Bereshit Création et évolution

http://www.toumanitou.org/toumanitou/la_sonotheque/parasha/berechit_la_creation_et_l_evolution/cours_1


 

A l’étude, au choix, un chapitre sur la création ou la Haftarah ou un des sujet sur l’histoire humaine ?

Vos questions ?

Q : pouvez-vous préciser la création de l’homme en masculin et féminin, ensuite séparés, pouvez vous expliquer ce que cela signifie?

Q: en astrophysique on parle d’univers en expansion, est-ce que HaKadosh Baroukh Hou lorsqu’il crée l’univers lui assigne-t’il une limite physique ou non ?

Q : la violence entre Caïn et Abel et les engendrements de Caïn, TouvalCaïn...

Q : 1er Rashi qui parle d’une confrontation entre Israël et les Nations : est-ce que cela s’est produit avec la déclaration d’indépendance ou est-ce à venir ?

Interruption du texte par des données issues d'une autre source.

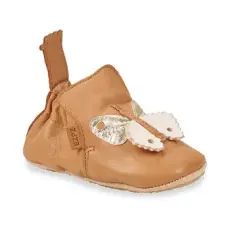 Easy peasy Mamuszok MY BLUBLU PAPILLON Barna 24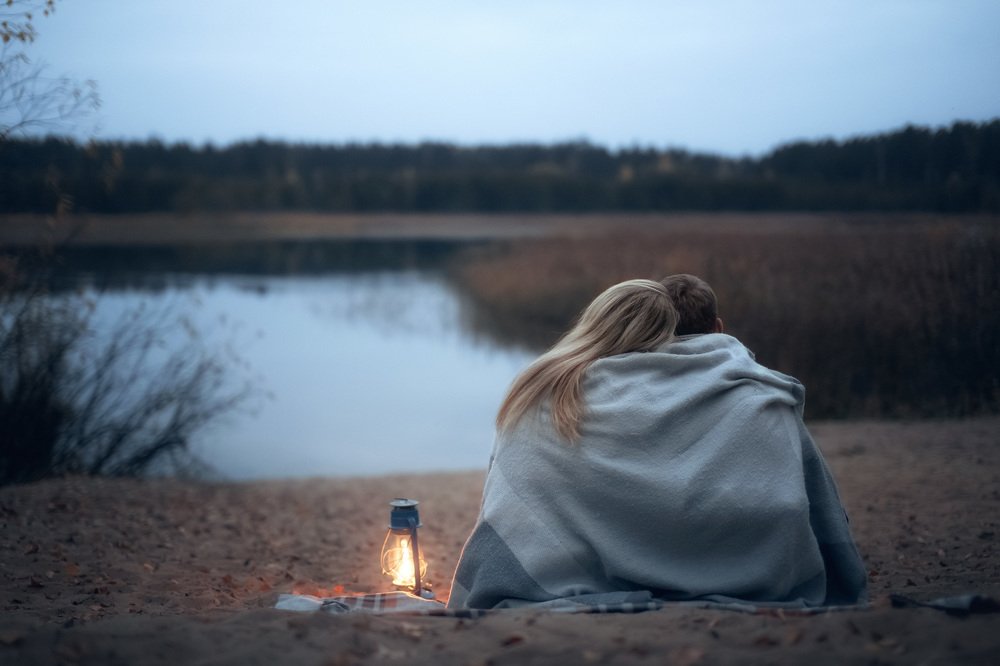 Photograph by Илья Мефодьев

R : d’après Rashi c’est permanent. Il y a un commentaire des sources de Rashi : Shorel c’est un commentaire universitaire classique en Israël, qui indique qu’il y a vraiment une intuition prophétique dans le fait que Rashi ait choisi parmi tous les midrashim celui-ci car c’est le probléme de notre temps. Il y a une confrontation universelle contre Israël sur son lien entre la terre d’Israël et le peuple d’Israël. C’est ce que Rashi explique. Ce qui est grave c’est pas tellement les ennemis d’Israël que les membres d’Israël alliés aux ennemis d’Israël sur ce probléme. Ce qui est grave c’est que des grands rabbins en Israël, dans impudeur totale, se sont dits alliés des ennemis d’Israël sur ce probléme. (Shakh). Je me suis renseigné, en partie en tout cas : c’est une pression des communautés orthodoxes américaines qui subventionnent les Yeshivot anti-sonistes en Israël pour faire pression sur la politique israélienne pour éviter les probléme avec les USA (Rome).  

Q : Est-ce que la déclaration d’indépendance n’aurait pas du clore le sujet ?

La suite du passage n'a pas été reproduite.